WHAT IS REQUIRED. For the entries below, the result should be an exact transcription of the lines from the one with "view of pool" up to and including the one with "2' x 4' one-of-a-kind", and only those.

DATA EXTRACT.
──────────

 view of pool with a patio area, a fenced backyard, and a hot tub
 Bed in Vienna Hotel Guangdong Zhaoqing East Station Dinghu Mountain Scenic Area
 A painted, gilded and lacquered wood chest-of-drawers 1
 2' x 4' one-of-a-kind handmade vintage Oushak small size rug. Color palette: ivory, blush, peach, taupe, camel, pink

──────────

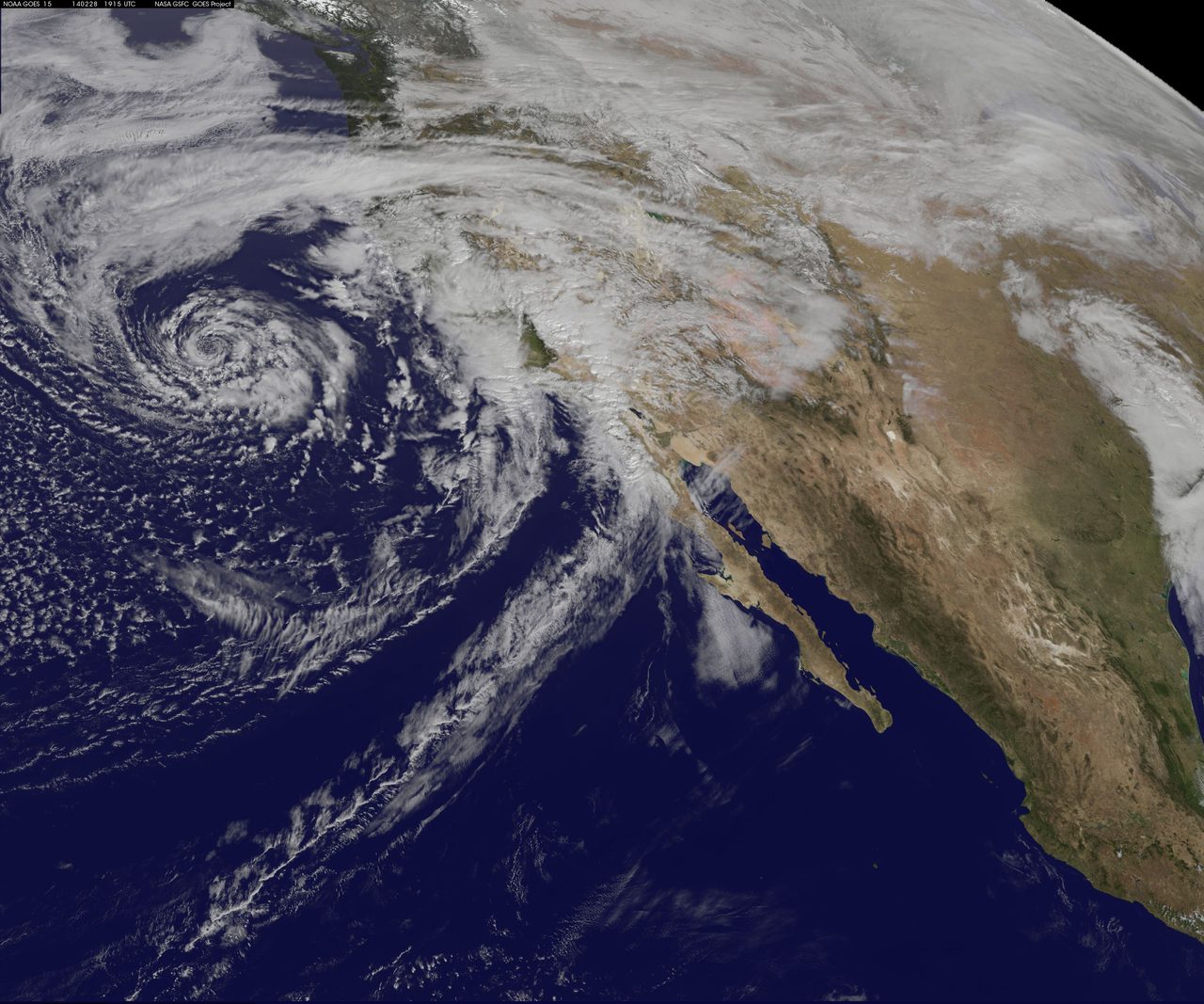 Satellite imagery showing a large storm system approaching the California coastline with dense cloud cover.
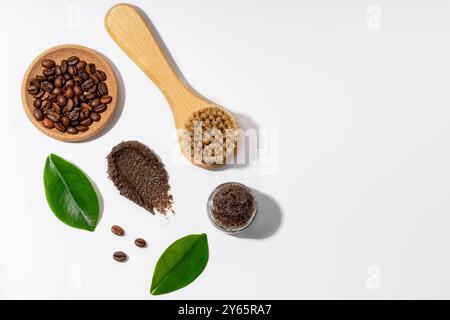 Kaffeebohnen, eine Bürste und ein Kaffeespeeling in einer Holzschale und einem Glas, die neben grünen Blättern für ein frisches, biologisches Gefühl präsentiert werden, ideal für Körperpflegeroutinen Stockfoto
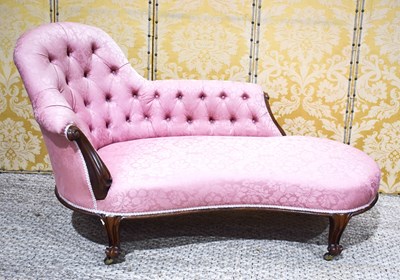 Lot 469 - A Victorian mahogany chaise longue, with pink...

──────────

ANSWER FOR THE TASK.
 view of pool with a patio area, a fenced backyard, and a hot tub
 Bed in Vienna Hotel Guangdong Zhaoqing East Station Dinghu Mountain Scenic Area
 A painted, gilded and lacquered wood chest-of-drawers 1
 2' x 4' one-of-a-kind handmade vintage Oushak small size rug. Color palette: ivory, blush, peach, taupe, camel, pink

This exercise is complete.